* _Problem statement_
Everything from the line holding "BURAK DAVRAN / JOTFORM" through the final line of the entries below is to be duplicated exactly, and nothing outside that span.

* _Given information_

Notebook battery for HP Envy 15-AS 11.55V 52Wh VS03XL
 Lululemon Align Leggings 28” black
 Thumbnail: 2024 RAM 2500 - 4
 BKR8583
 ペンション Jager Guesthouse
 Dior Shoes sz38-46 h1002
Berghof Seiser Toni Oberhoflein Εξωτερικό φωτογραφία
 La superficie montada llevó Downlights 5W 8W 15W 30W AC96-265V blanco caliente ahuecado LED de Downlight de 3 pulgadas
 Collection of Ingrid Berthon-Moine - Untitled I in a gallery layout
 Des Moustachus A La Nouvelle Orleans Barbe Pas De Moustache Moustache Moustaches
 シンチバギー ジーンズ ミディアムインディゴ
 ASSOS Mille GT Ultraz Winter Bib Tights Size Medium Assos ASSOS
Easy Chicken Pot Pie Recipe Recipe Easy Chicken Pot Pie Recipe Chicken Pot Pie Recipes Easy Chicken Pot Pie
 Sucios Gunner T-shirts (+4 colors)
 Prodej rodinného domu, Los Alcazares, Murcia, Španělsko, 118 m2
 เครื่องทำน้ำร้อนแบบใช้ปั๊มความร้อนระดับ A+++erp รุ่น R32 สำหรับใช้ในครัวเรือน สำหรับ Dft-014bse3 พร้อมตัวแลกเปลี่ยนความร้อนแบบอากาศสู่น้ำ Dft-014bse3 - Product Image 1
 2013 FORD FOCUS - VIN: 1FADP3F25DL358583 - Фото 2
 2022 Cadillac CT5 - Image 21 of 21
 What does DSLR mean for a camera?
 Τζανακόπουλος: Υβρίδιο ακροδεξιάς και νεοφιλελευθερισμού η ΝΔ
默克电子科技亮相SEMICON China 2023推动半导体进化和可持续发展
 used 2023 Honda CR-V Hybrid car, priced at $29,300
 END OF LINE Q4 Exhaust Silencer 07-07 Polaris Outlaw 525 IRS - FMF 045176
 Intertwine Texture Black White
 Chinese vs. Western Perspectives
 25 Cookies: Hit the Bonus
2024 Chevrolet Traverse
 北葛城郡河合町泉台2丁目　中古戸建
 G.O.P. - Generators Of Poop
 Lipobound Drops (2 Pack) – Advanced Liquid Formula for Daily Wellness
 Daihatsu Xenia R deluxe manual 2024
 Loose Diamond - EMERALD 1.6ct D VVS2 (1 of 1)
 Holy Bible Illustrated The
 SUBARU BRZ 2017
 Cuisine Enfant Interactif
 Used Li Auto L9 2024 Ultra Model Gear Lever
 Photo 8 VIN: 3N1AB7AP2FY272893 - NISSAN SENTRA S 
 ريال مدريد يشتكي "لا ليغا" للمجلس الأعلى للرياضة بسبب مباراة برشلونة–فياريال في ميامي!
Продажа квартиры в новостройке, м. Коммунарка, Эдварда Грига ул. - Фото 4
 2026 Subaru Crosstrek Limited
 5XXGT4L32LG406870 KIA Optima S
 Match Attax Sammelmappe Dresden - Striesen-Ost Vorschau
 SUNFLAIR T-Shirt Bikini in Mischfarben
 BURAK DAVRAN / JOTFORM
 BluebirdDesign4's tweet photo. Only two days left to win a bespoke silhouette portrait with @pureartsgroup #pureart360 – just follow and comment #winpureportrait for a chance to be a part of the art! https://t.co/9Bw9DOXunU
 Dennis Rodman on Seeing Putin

* _Solution to the exercise_
 BURAK DAVRAN / JOTFORM
 BluebirdDesign4's tweet photo. Only two days left to win a bespoke silhouette portrait with @pureartsgroup #pureart360 – just follow and comment #winpureportrait for a chance to be a part of the art! https://t.co/9Bw9DOXunU
 Dennis Rodman on Seeing Putin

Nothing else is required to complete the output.